Prolific Apple hacker/developer Steve Troughton-Smith last night posted on Twitter that he has found a one-handed mode for the iPhone keyboard, hacking the iOS Simulator to demo the unreleased feature as shown above. The code has apparently been in the system since iOS 8 but is yet to be released as a public-facing feature.
The one-handed keyboard mode is activated by an edge swipe on the keys, revealing a sidebar of cut/copy/paste controls and squishing the other keys down to the side. This would make it much easier for the user to stretch their thumb across the entire width of the alphabet keys, improving one-handed use on larger iPhones.
Inside iOS code since iOS 8 implies that Apple was testing the feature alongside the development of the iPhone 6 and iPhone 6 Plus, which introduced dramatically larger 4.7 inch and 5.5 inch screens to the iPhone lineup back in 2014. Obviously, the feature was not considered that important as it is yet to ship.
iOS code includes a lot of disabled work-in-progress stuff but the one-handed keyboard seems to be in an almost final form (the animation could use some work, granted). The user can swipe from either the left or right edge to reveal the sidebar at either side of the screen, so that the feature is compatible with both left-handed and right-handed use.
Steve Troughton Smith recorded a video of the hacked iOS Simulator to demo the feature.
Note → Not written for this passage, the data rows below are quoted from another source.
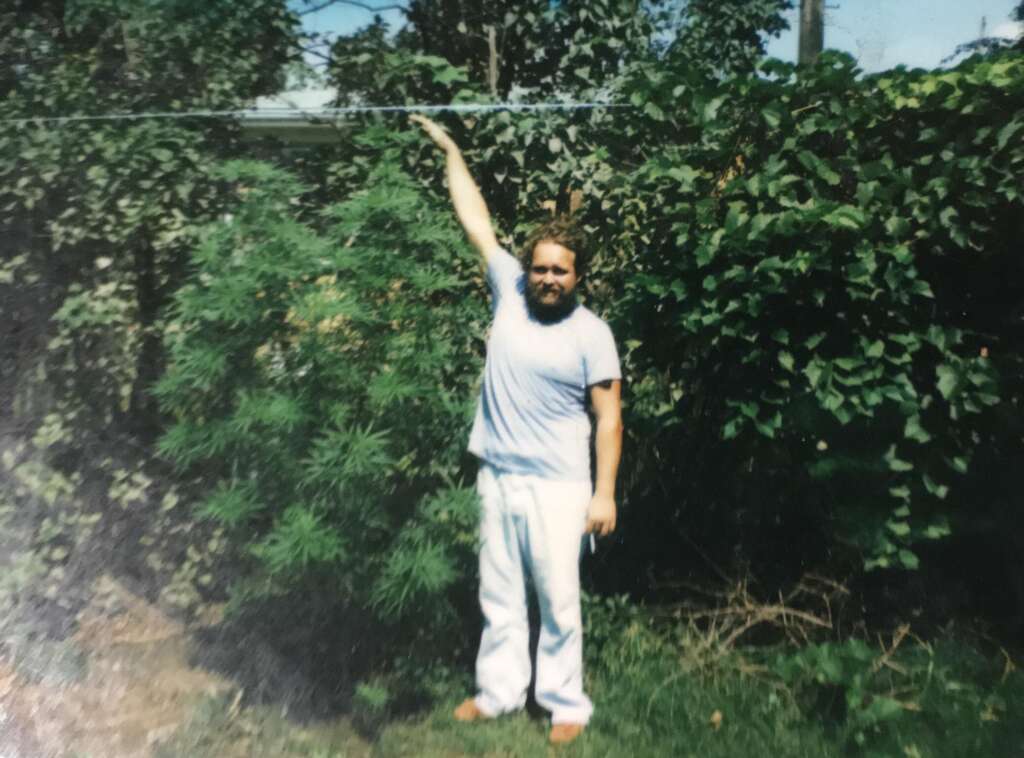 A person with a beard, wearing a light-colored shirt and pants, stands barefoot in a garden with lush green foliage. They are standing next to a tall plant, reaching up with one arm to touch a string or line above them.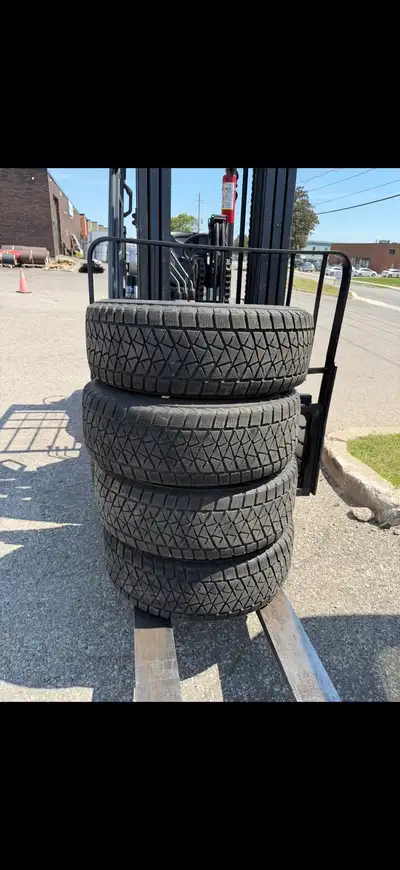 Came off a Honda Odyssey. Set of 4 Bridgestone Blizzak DM-V2 winter tires on steel rims. Size 245/65...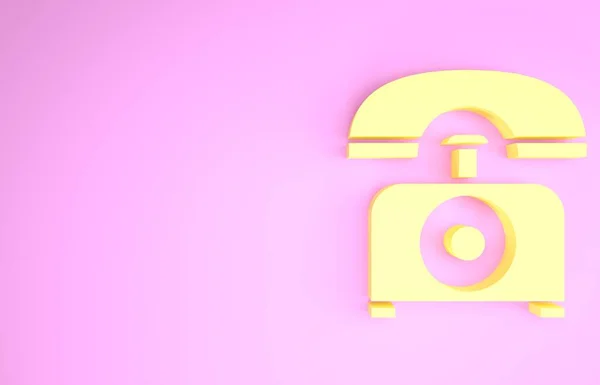 Значок жовтого телефону ізольовано на рожевому фоні. Стаціонарний телефон. Концепція мінімалізму. 3D ілюстрація 3D рендеринга — стокове фото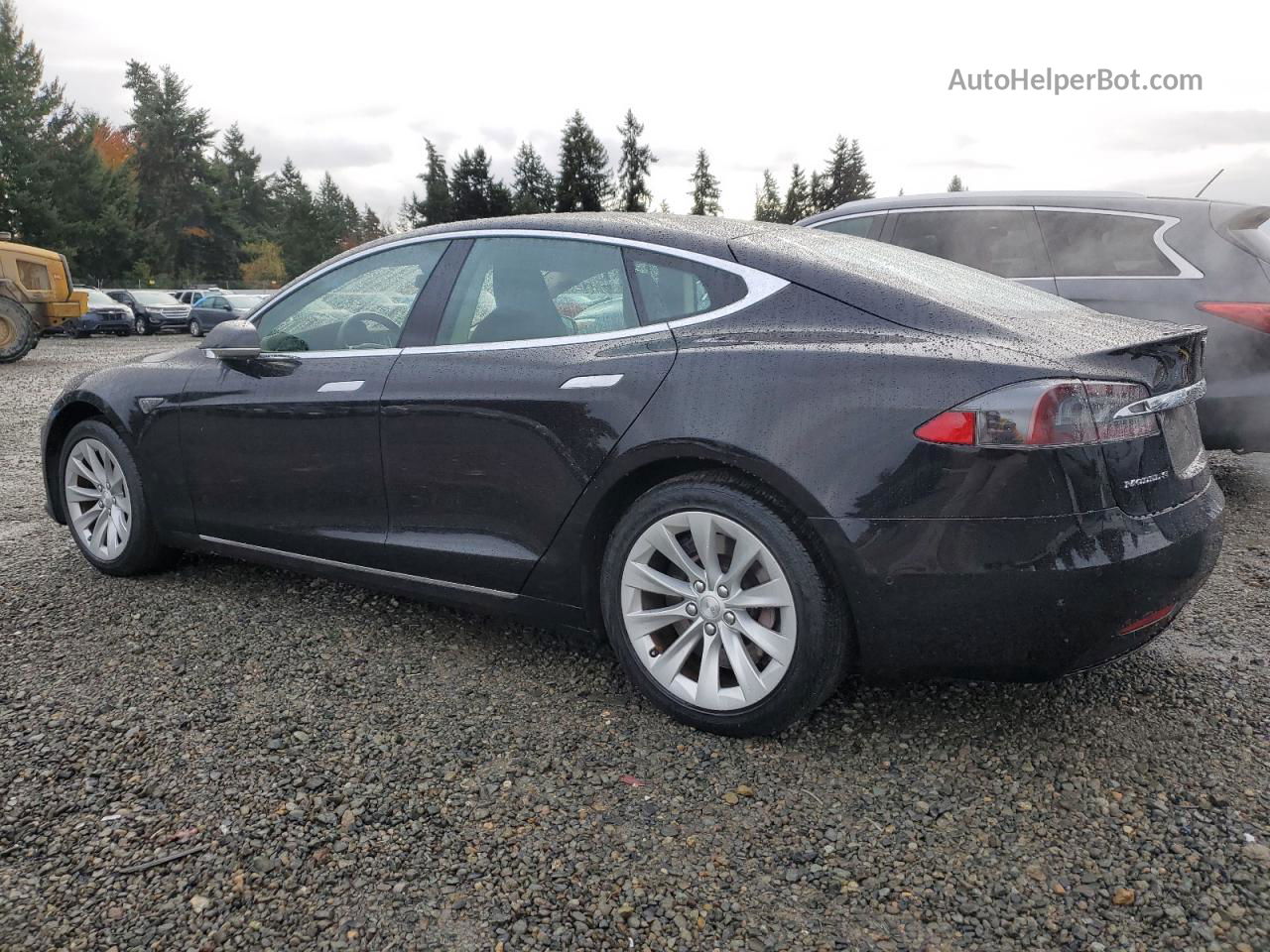 2016 Tesla Model S  Черный vin: 5YJSA1E17GF158828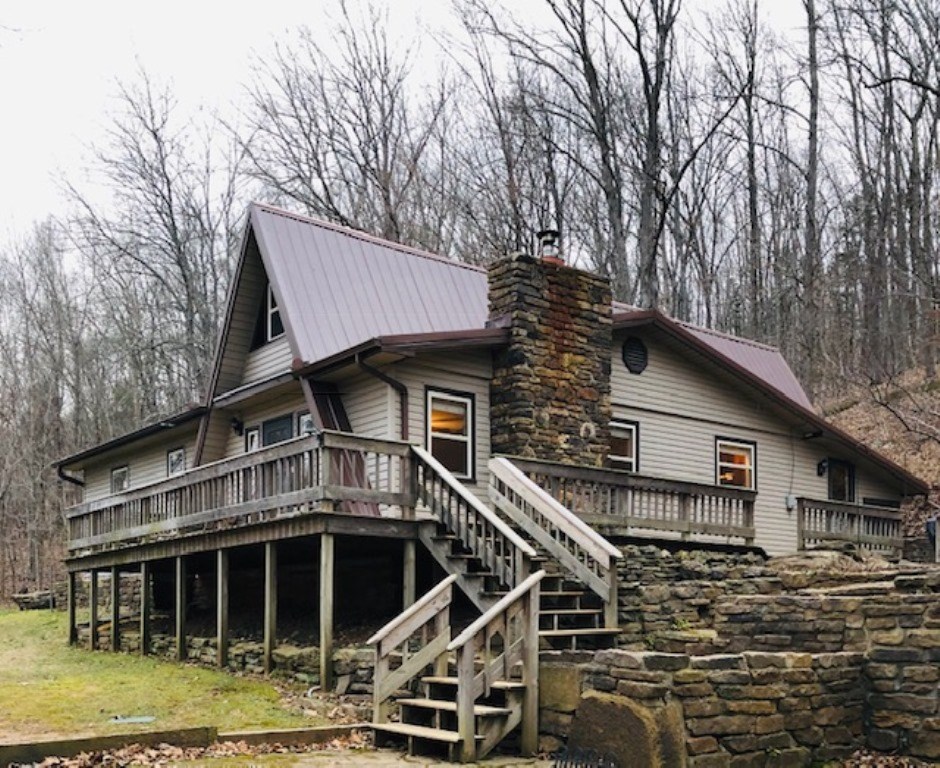 Overlooking Greasy Creek Valley, this 1240 sq. ft. home and 17 plus acres enjoys intriguing out door living areas enhanced by natural rock outcroppings. Perfectly cared for, the centrally heated 2 bedroom 1 bath home has native stone fireplace with insert and handsome warmly finished alder wood kitchen cabinets. 400 sq. ft. screened back porch has its own private woodland window. Creekside in the valley, a 2nd water tap services a farm pump and the 720 sq. ft. workshop with electric. Also the historic Old Durham Canning Factory (48x48 moved to and operated at this site in the 1930's) is currently used for storage and RV parking. The sights and sounds of Greasy Creek are an inspiration at the hillside home and in the valley.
In theory, this same interface could be exposed on a jailbroken iPhone today.
What Apple shipped with iOS 8 to assist with one-handed use of the larger displays was Reachability; a double-tap on the home button pulls down the screen vertically to bring UI elements at the top closer to the bottom. Reachability does not reduce the need to stretch across the horizontal distance, though, which is exactly what this one-handed keyboard mode would be targeting.
Whether the one-handed keyboard is released as an official feature of the iPhone is anyone’s guess. Having been left unused and dormant since iOS 8 would suggest the feature has been shelved but there’s no definitive answer. Apple tests many features internally across multiple years before deciding what to do. It could randomly be a part of iOS 11!
It’s also worth noting that an ‘equivalent’ feature for iPad, Split Keyboard, has not been implemented for Apple’s newest tablet form factor, namely the 12.9 inch iPad Pro. Apple’s improvements to the keyboard in iOS 10 focused on improving QuickType suggestions.